The Agape Seventh Day Adventist Church has had the 475 cans of paints, adhesives and other paint products since 1995. They were initially stored in the basement of the church, where they suffered water damage. The cans were put on the lawn after the church determined that it could not use them and that the cans could not be disposed of at the Bovoni Landfill. In their present location on the lawn, they are exposed to rain and wind, which may damage them further. Starting Friday, EPA will inventory the cans and then separate them according to their hazardous components. The cans will then be labeled and safely packed and stored for shipment off-island for disposal. Once EPA arranges for the cans' safe disposal most likely in April 2000 the Agency will remove them from the church site. The Agency will also remove any soil from the front lawn of the church that has been contaminated by leaking cans. The cleanup will cost approximately $30,000.

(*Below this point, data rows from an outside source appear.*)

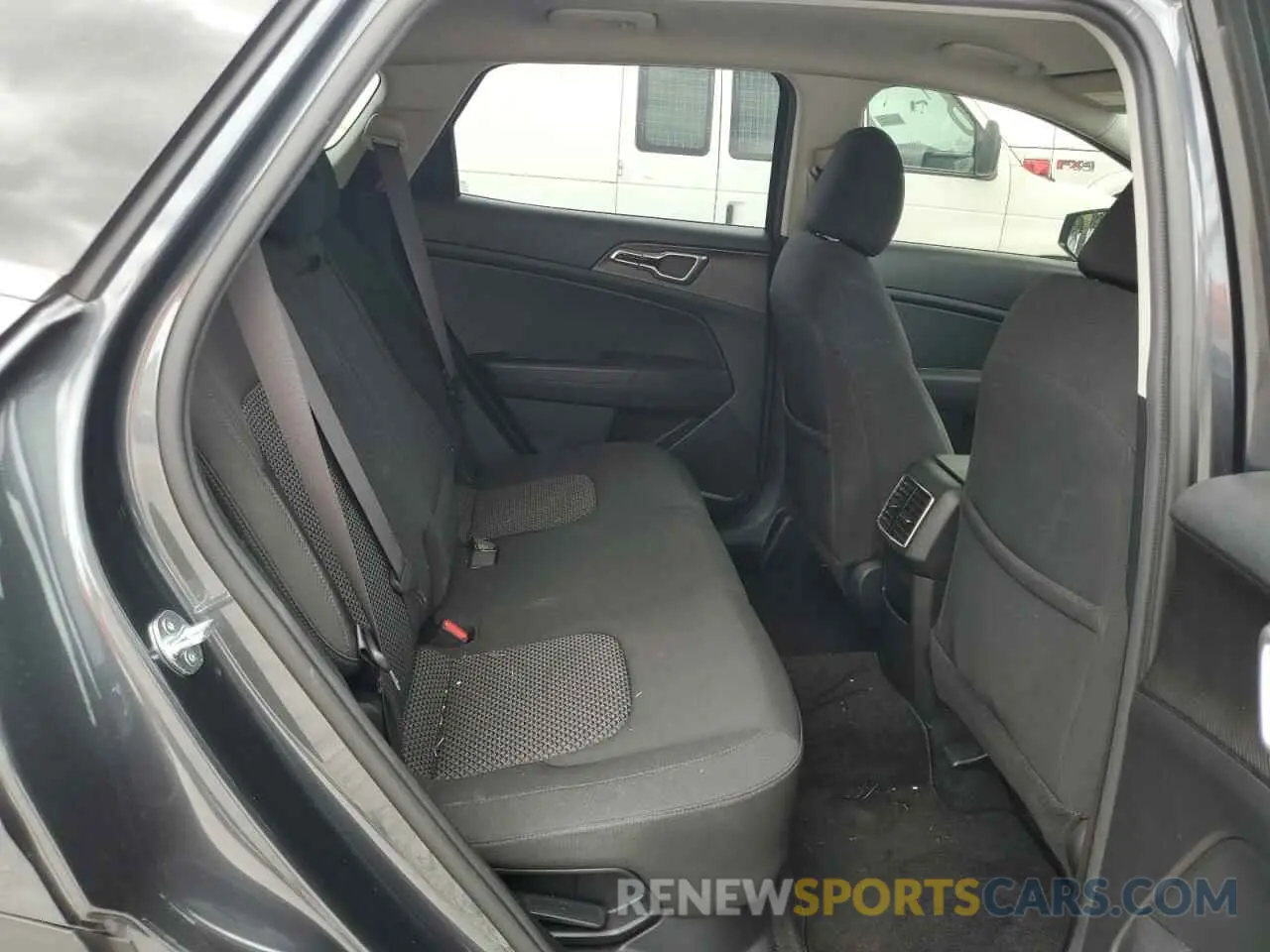 10 Photograph of a damaged car KNDPUCAG3P7052790 KIA SPORTAGE 2023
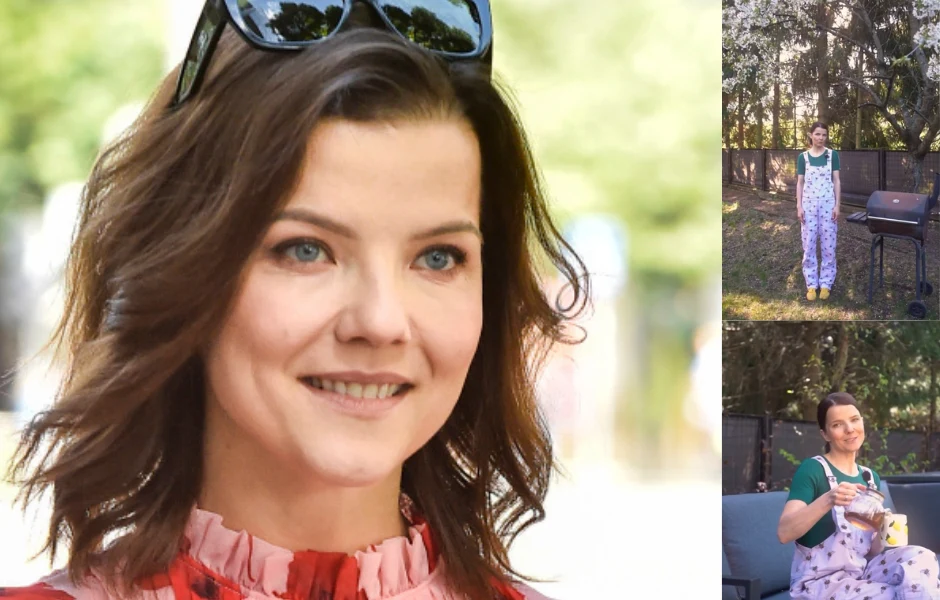 Uśmiechnięta kobieta z krótkimi, brązowymi włosami i okularami przeciwsłonecznymi na głowie, ubrana w czerwoną bluzkę, obok dwie sceny: jedna przedstawia osobę w ogrodzie stojącą przy grillu, druga siedzącą na kanapie na zewnątrz z kubkiem w dłoni.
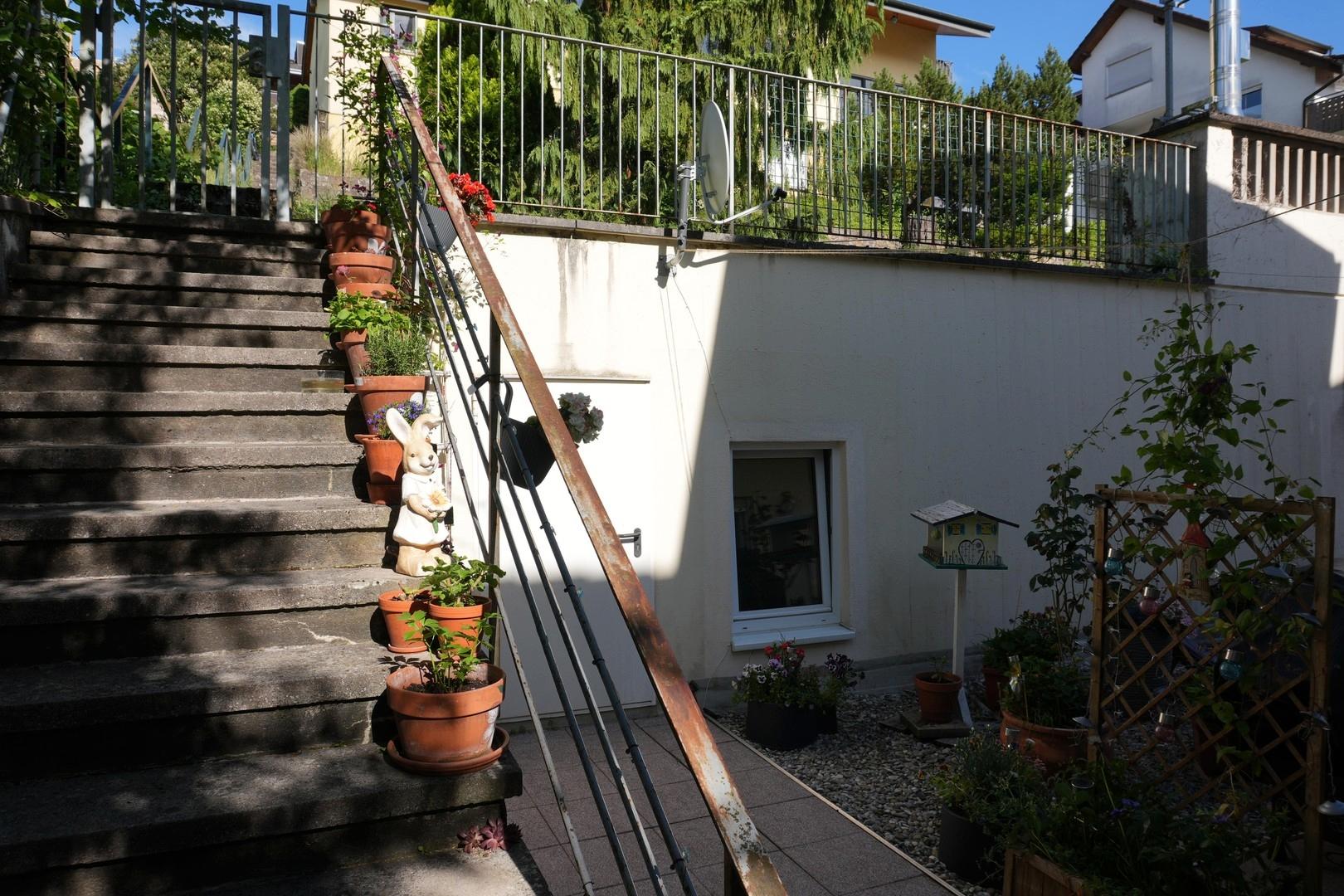 Zugang zum Abstell- und Keller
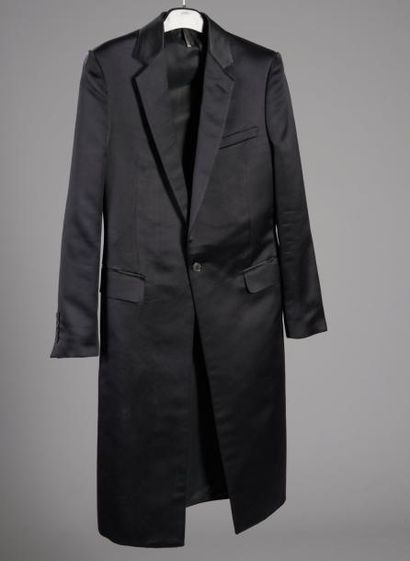 DIOR PAR HEDI SLIMANE Manteau droit en satin noir, col châle cranté, trois poches,...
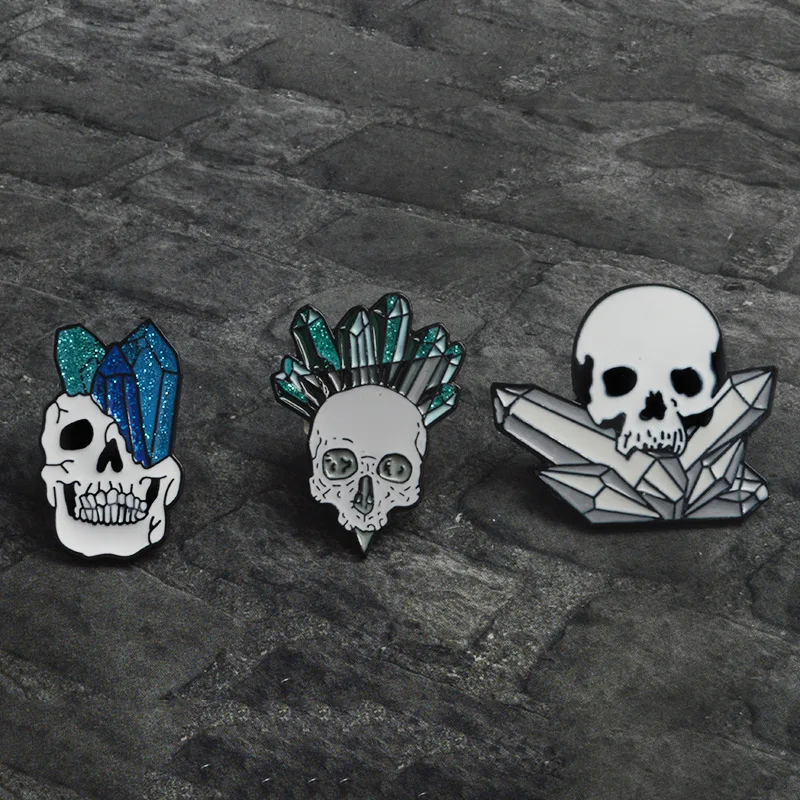 Кристальный череп бейдж в стиле Панк для одежды, джинсов и сумок, эмалевый брошь-значок Хэллоуинской ювелири из серии Подарков Фанатам и Друзьям с возможностью доставки.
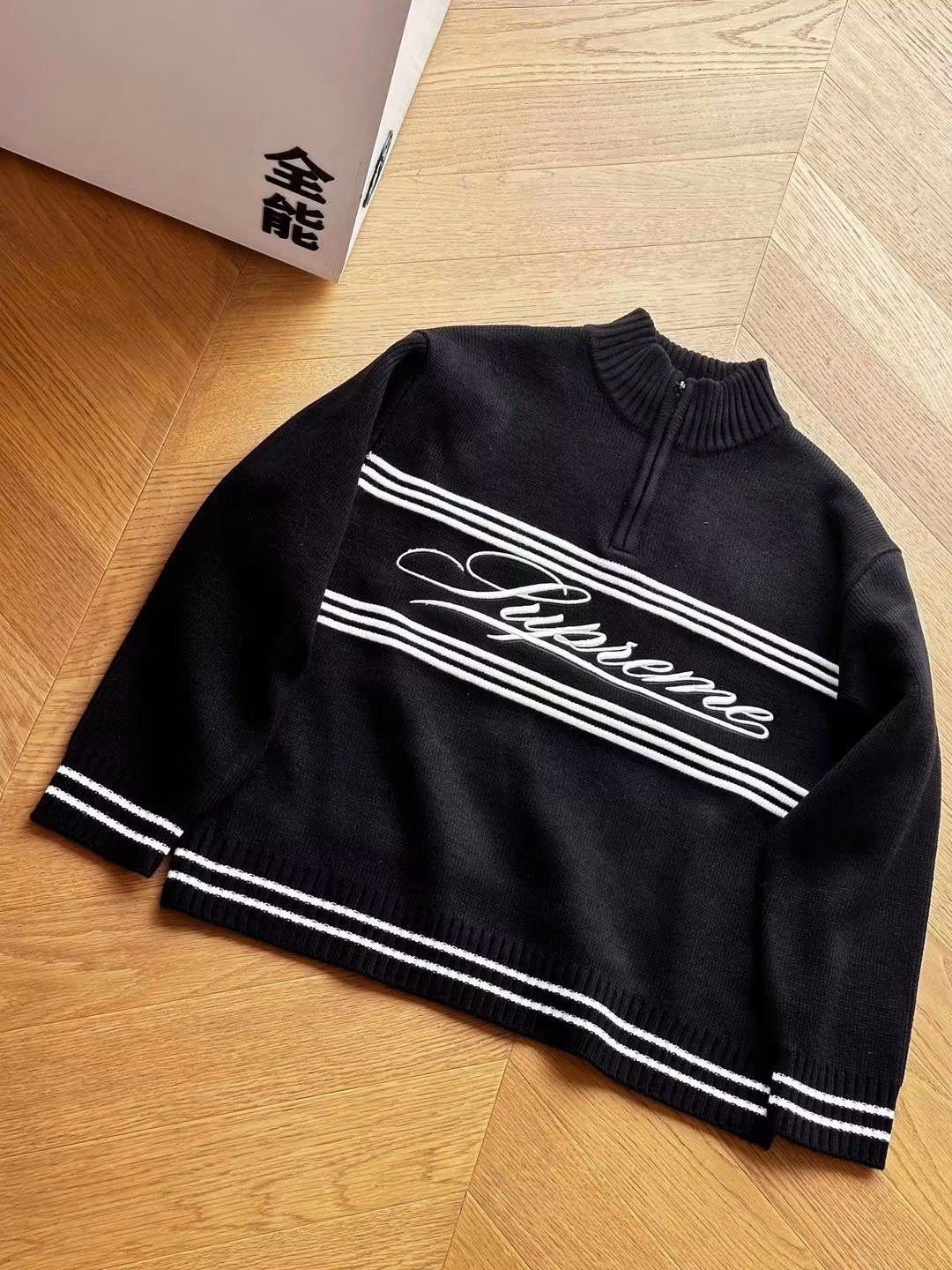 SUPREME SCRIPT STRIPE HALF ZIP SWEATER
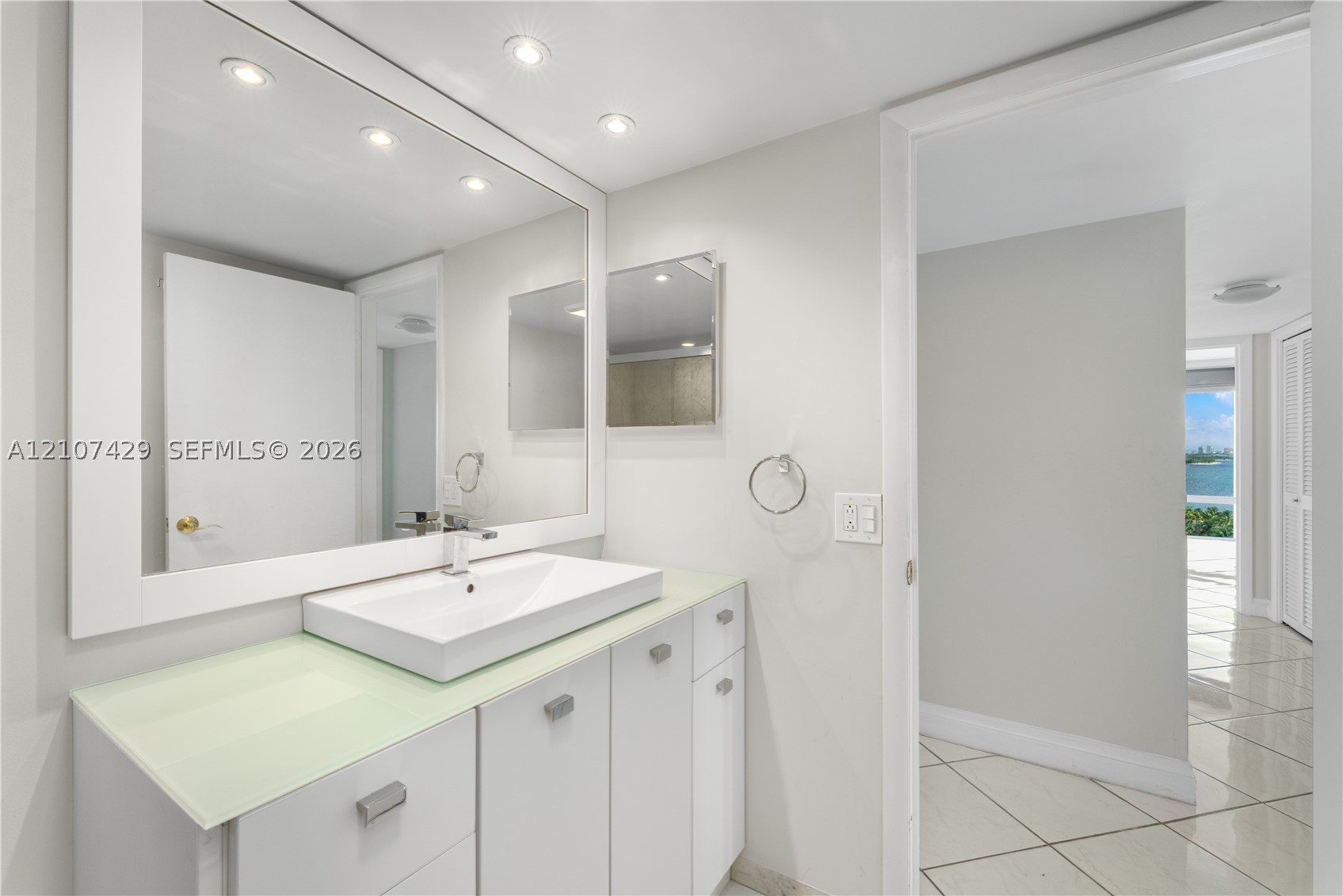 881 Ocean Dr #13H Key Biscayne, FL 33149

The remediation of the Agape Church site is being conducted by EPA's Superfund Program, which carries out cleanup operations at hazardous waste sites, responds to chemical and oil spills, and removes abandoned chemicals from communities before the materials cause direct harm to the public or further contaminate soil or drinking water. The Comprehensive Environmental Response, Compensation, and Liability Act (CERCLA) of 1980, commonly known as the Superfund law, gave EPA the authority to conduct both long-term, sometimes complex remediations of contaminated areas that pose chronic threats to the environment and/or human health, and short-term removals like the one at the church, which require immediate responses because they pose more acute threats.
On Wednesday, March 22, EPA completed the removal of thirty 55-gallon drums of waste Malathion -- a pesticide and nine cubic yards of Malathion-contaminated soil from a U.S.V.I. Department of Agriculture (VIDOA) facility located at Route 70 in Estate Lower Love, Kingshill, St. Croix. The waste pesticide and soil were shipped-off island for proper disposal. The cleanup, which was also done under EPA's Superfund program, began on January 6, 2000 and cost approximately $150,000. The liquid Malathion had been intended for use in mosquito control by the Virgin Islands Department of Health (VIDOH), which had inappropriately stored the pesticide along with drums of other hazardous chemicals at its Charles Harwood Complex. In 1995, after the other hazardous chemicals were removed from the Harwood facility under EPA oversight, VIDOH moved the leftover Malathion to the VIDOH facility so that it could be used for agricultural purposes. The drums were kept outside at the DOA facility, and ultimately deteriorated from exposure to the elements. EPA had been concerned that rain might wash the pesticide into the groundwater beneath the site, and that, in the event of a fire or vandalism, the health of residents and workers nearby might be threatened. VIDOH asked EPA to help remove the drums in November 1999, and agreed to reimburse EPA for its work.